> **Exercise instructions**
Extract from the entries below, exactly as given, only the lines from the line containing "Number 4: Judy" to the line containing "The impact wrench", both lines included.

> **Data to use**

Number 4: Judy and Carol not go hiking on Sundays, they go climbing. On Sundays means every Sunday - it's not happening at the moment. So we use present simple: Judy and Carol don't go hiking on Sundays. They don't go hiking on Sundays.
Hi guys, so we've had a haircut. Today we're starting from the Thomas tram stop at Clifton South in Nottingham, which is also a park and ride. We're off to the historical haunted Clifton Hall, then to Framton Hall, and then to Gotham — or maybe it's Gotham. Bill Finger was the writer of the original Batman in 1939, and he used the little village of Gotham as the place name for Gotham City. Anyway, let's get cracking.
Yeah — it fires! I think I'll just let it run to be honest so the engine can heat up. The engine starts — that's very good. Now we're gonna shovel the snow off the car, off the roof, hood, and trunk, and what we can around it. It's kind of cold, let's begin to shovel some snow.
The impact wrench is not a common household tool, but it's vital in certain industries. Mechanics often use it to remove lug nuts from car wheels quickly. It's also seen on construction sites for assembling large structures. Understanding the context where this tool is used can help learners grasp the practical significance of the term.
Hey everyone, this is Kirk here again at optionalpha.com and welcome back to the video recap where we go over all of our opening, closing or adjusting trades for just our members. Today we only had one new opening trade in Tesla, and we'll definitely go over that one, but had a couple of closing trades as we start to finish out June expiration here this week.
--
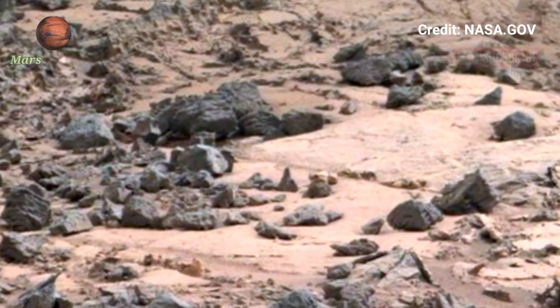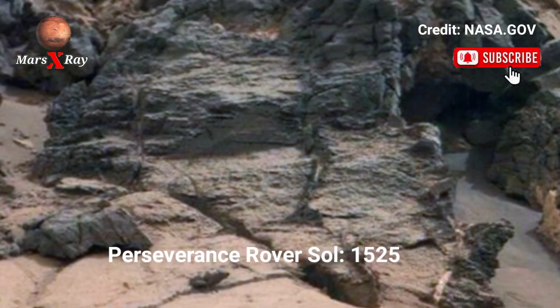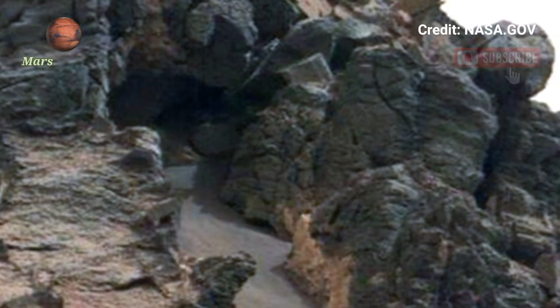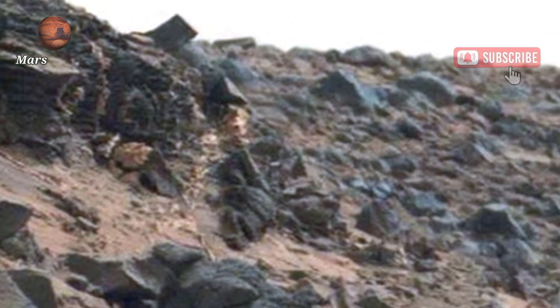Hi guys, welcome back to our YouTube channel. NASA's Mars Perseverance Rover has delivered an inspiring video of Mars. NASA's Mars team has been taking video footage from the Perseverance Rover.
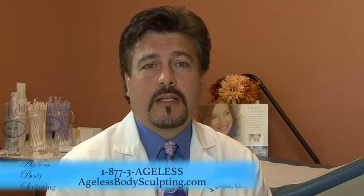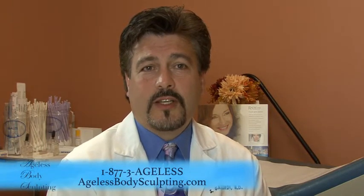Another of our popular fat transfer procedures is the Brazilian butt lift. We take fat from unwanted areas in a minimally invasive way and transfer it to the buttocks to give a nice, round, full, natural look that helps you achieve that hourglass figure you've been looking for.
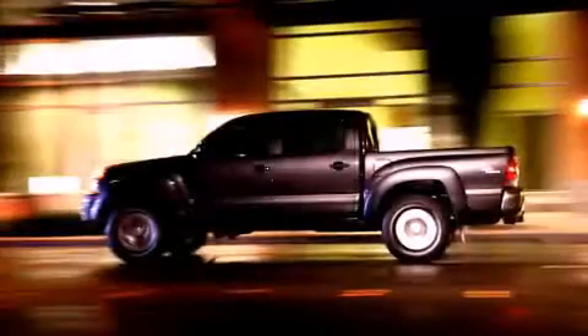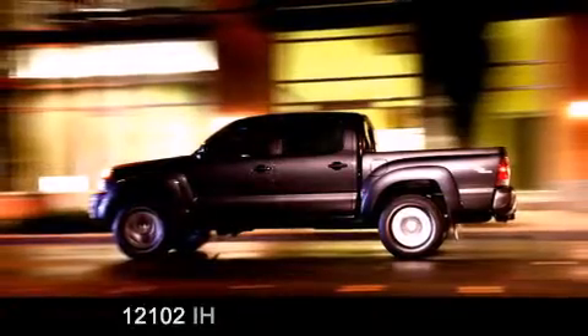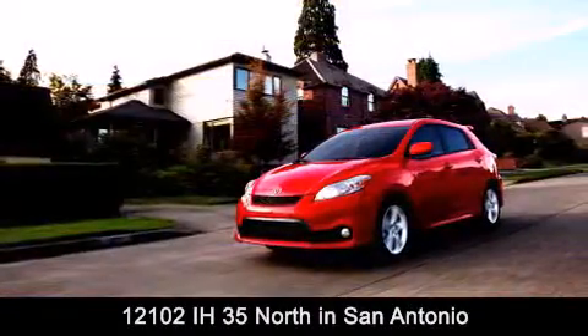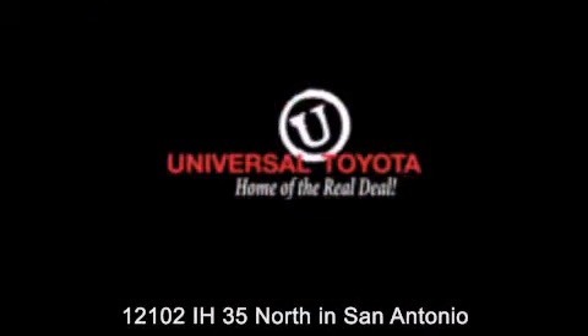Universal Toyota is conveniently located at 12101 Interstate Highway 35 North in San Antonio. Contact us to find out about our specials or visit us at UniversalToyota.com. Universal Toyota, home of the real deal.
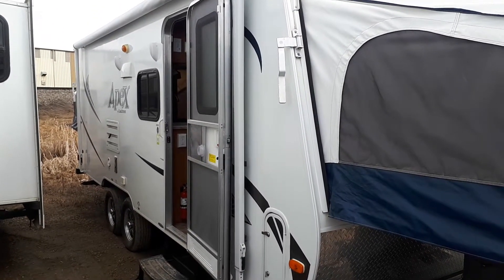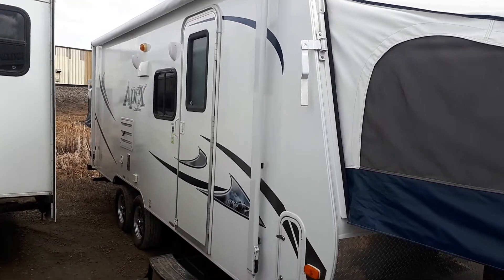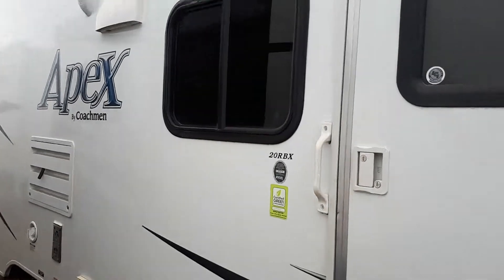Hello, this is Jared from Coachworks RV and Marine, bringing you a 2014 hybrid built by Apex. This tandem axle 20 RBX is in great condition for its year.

> **Solution**
Number 4: Judy and Carol not go hiking on Sundays, they go climbing. On Sundays means every Sunday - it's not happening at the moment. So we use present simple: Judy and Carol don't go hiking on Sundays. They don't go hiking on Sundays.
Hi guys, so we've had a haircut. Today we're starting from the Thomas tram stop at Clifton South in Nottingham, which is also a park and ride. We're off to the historical haunted Clifton Hall, then to Framton Hall, and then to Gotham — or maybe it's Gotham. Bill Finger was the writer of the original Batman in 1939, and he used the little village of Gotham as the place name for Gotham City. Anyway, let's get cracking.
Yeah — it fires! I think I'll just let it run to be honest so the engine can heat up. The engine starts — that's very good. Now we're gonna shovel the snow off the car, off the roof, hood, and trunk, and what we can around it. It's kind of cold, let's begin to shovel some snow.
The impact wrench is not a common household tool, but it's vital in certain industries. Mechanics often use it to remove lug nuts from car wheels quickly. It's also seen on construction sites for assembling large structures. Understanding the context where this tool is used can help learners grasp the practical significance of the term.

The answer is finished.